§ Saved data entries
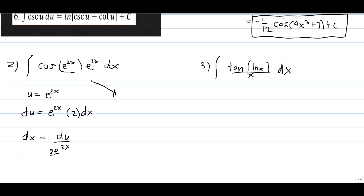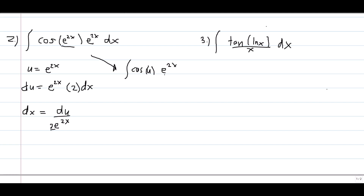We substitute into the integral: the integral of cosine(u) times e^(2x) times du over 2·e^(2x). We can cancel the e^(2x) terms, leaving us with one half times the integral of cosine u du.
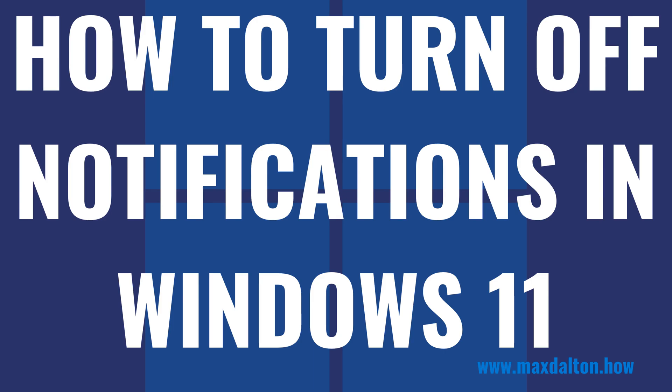I'm Max Dalton, and in this video I'll show you how to turn off notifications in Windows 11.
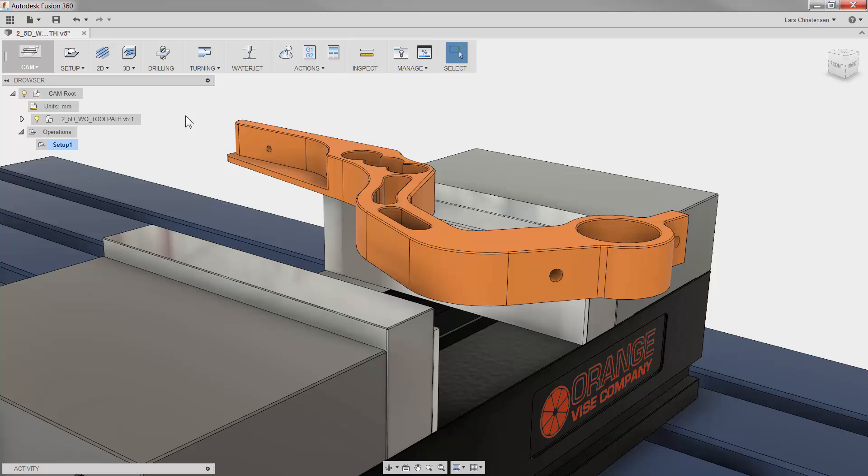Fusion 360's 2D Adaptive Clearing is the most powerful toolpath in its class. Not only is it using the latest roughing strategies to remove material faster, but it also helps increase tool life and limit machine wear. Let's take a quick look.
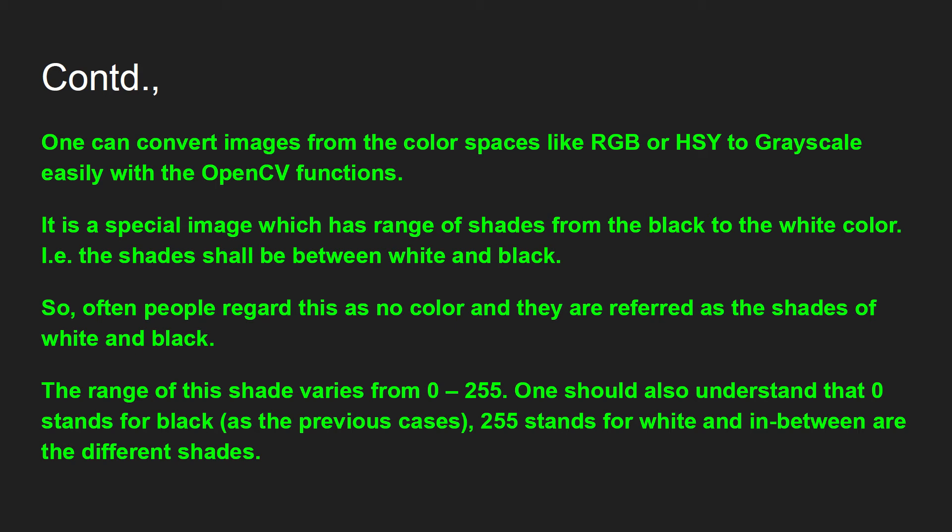It is a special image where the range of shades from black to white will be there. The shade will be between white and black, so people often regard this as no color as they are referred as the shades of white and black.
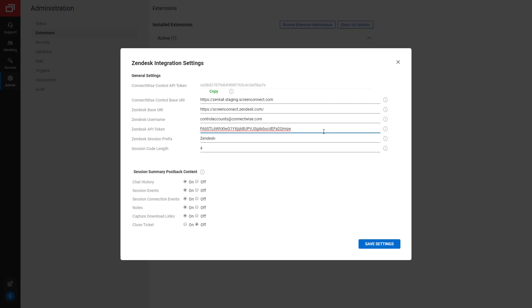Next, the Zendesk session prefix is used to identify sessions that have been created in Zendesk. You can change this later if you'd like. Finally, the Session Code link determines the length of the code for Zendesk-generated sessions.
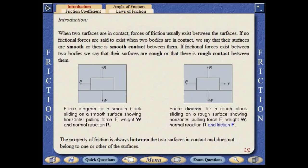When two surfaces are in contact, forces of friction usually exist between the surfaces. If no frictional forces are said to exist when two bodies are in contact, we say that their surfaces are smooth, or that there is smooth contact between them.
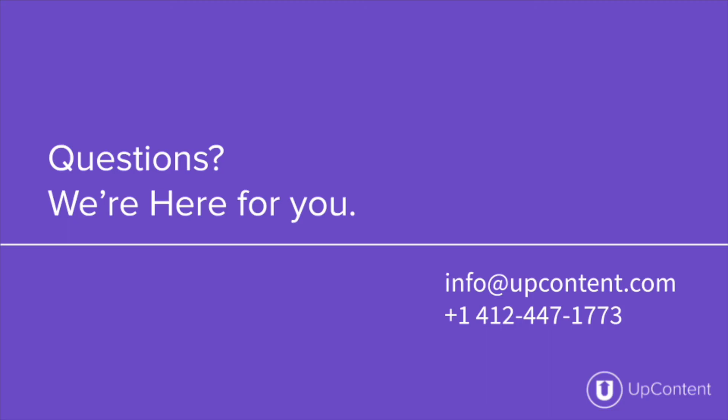If you have any questions about UpContent please give us a call at 412-447-1773 or shoot us an email at info@upcontent.com. Thanks!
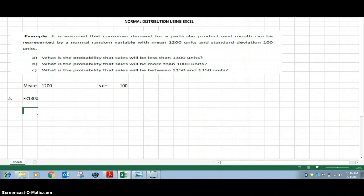Normal distribution — let's do one example. It is assumed that consumer demand for a particular product next month can be represented by a normal random variable with mean 1200 units and standard deviation 100 units. What is the probability that sales will be less than 1300 units?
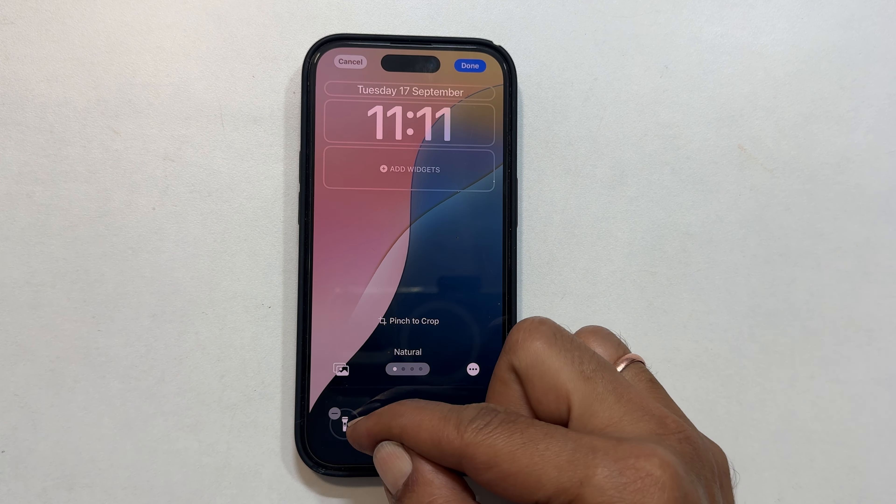That's it for this video on how to change lock screen shortcuts on your iPhone running iOS 18. If you found this video helpful, please give it a thumbs up and subscribe to the channel for more tech tips and tricks. Thanks for watching.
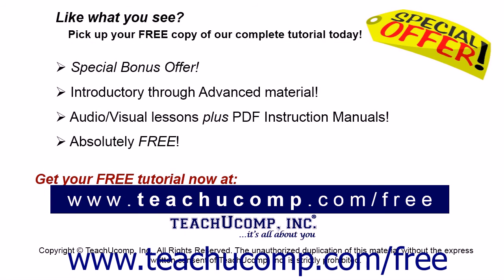Like what you see? Pick up your free copy of the complete tutorial at www.teachyoucomp.com/free.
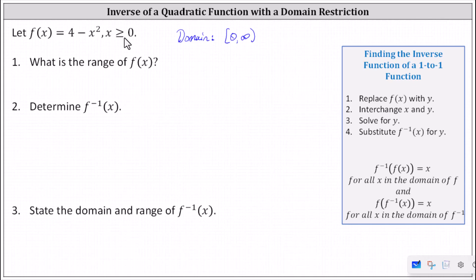Number one, we're asked to find the range of f of x, given the domain restriction. If x is always greater than or equal to zero and the function is f of x equals four minus x squared, the maximum value of f of x is four, all other values will be less than four, and therefore the range using inequalities would be y less than or equal to four. Using interval notation, we have the interval from negative infinity to four. Since the interval includes four, we use a square bracket to the right of four.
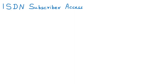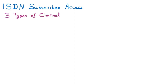Today we are discussing ISDN subscriber access — how the subscriber can access the ISDN. We will discuss the channel types, the user interfaces such as BRI and PRI, and the channels: B channel, D channel, and H channel. Starting with channel types, there are three channel types in ISDN.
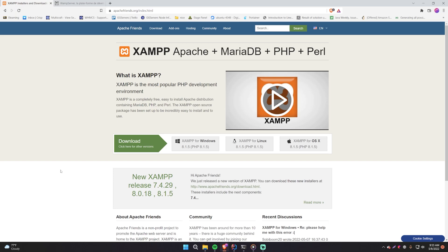Hey, what's up guys? Welcome back to another video in the Spigot series. In this video, I'll teach you how to install MySQL on your computer so that you can use MySQL with your Minecraft plugins.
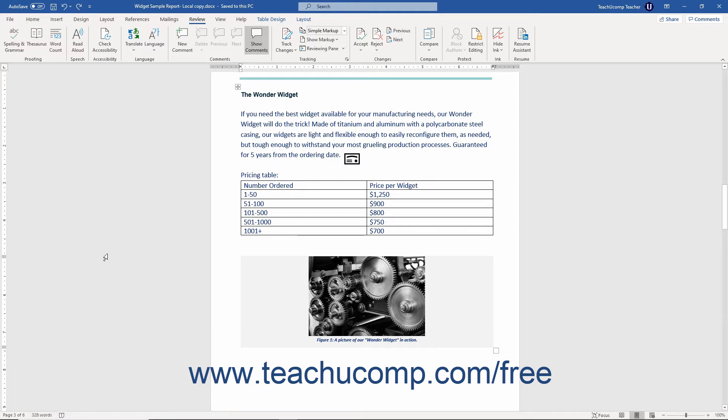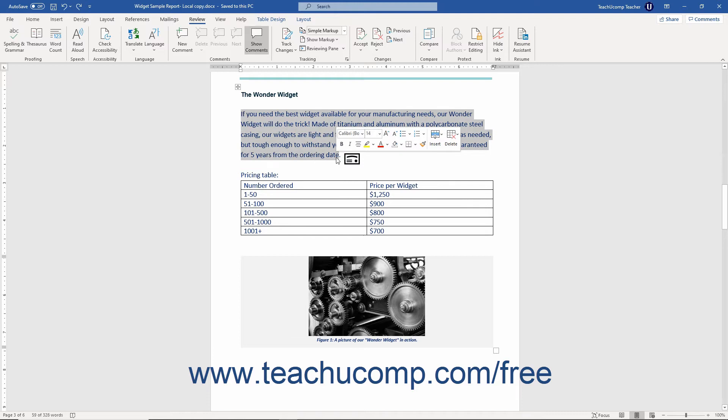You are also able to view the word count for selected sections of your document. To do this, first select the section for which to find the word count. Then click the Review tab in the ribbon.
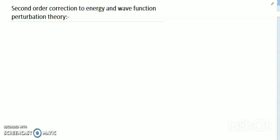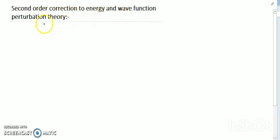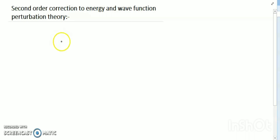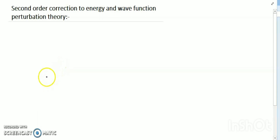Hello dear friends, welcome to my channel. Today's discussion is second-order correction to energy and wave functions for perturbation theory. I have already discussed first-order corrections to energy and wave functions, so now I will discuss the second order.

§ Problem requirements
Without the pictures, set down every entry exactly.

§ Task result
We substitute into the integral: the integral of cosine(u) times e^(2x) times du over 2·e^(2x). We can cancel the e^(2x) terms, leaving us with one half times the integral of cosine u du.
I'm Max Dalton, and in this video I'll show you how to turn off notifications in Windows 11.
Fusion 360's 2D Adaptive Clearing is the most powerful toolpath in its class. Not only is it using the latest roughing strategies to remove material faster, but it also helps increase tool life and limit machine wear. Let's take a quick look.
It is a special image where the range of shades from black to white will be there. The shade will be between white and black, so people often regard this as no color as they are referred as the shades of white and black.
Next, the Zendesk session prefix is used to identify sessions that have been created in Zendesk. You can change this later if you'd like. Finally, the Session Code link determines the length of the code for Zendesk-generated sessions.
When two surfaces are in contact, forces of friction usually exist between the surfaces. If no frictional forces are said to exist when two bodies are in contact, we say that their surfaces are smooth, or that there is smooth contact between them.
If you have any questions about UpContent please give us a call at 412-447-1773 or shoot us an email at info@upcontent.com. Thanks!
Normal distribution — let's do one example. It is assumed that consumer demand for a particular product next month can be represented by a normal random variable with mean 1200 units and standard deviation 100 units. What is the probability that sales will be less than 1300 units?
That's it for this video on how to change lock screen shortcuts on your iPhone running iOS 18. If you found this video helpful, please give it a thumbs up and subscribe to the channel for more tech tips and tricks. Thanks for watching.
Like what you see? Pick up your free copy of the complete tutorial at www.teachyoucomp.com/free.
Number one, we're asked to find the range of f of x, given the domain restriction. If x is always greater than or equal to zero and the function is f of x equals four minus x squared, the maximum value of f of x is four, all other values will be less than four, and therefore the range using inequalities would be y less than or equal to four. Using interval notation, we have the interval from negative infinity to four. Since the interval includes four, we use a square bracket to the right of four.
Today we are discussing ISDN subscriber access — how the subscriber can access the ISDN. We will discuss the channel types, the user interfaces such as BRI and PRI, and the channels: B channel, D channel, and H channel. Starting with channel types, there are three channel types in ISDN.
Hey, what's up guys? Welcome back to another video in the Spigot series. In this video, I'll teach you how to install MySQL on your computer so that you can use MySQL with your Minecraft plugins.
You are also able to view the word count for selected sections of your document. To do this, first select the section for which to find the word count. Then click the Review tab in the ribbon.
Hello dear friends, welcome to my channel. Today's discussion is second-order correction to energy and wave functions for perturbation theory. I have already discussed first-order corrections to energy and wave functions, so now I will discuss the second order.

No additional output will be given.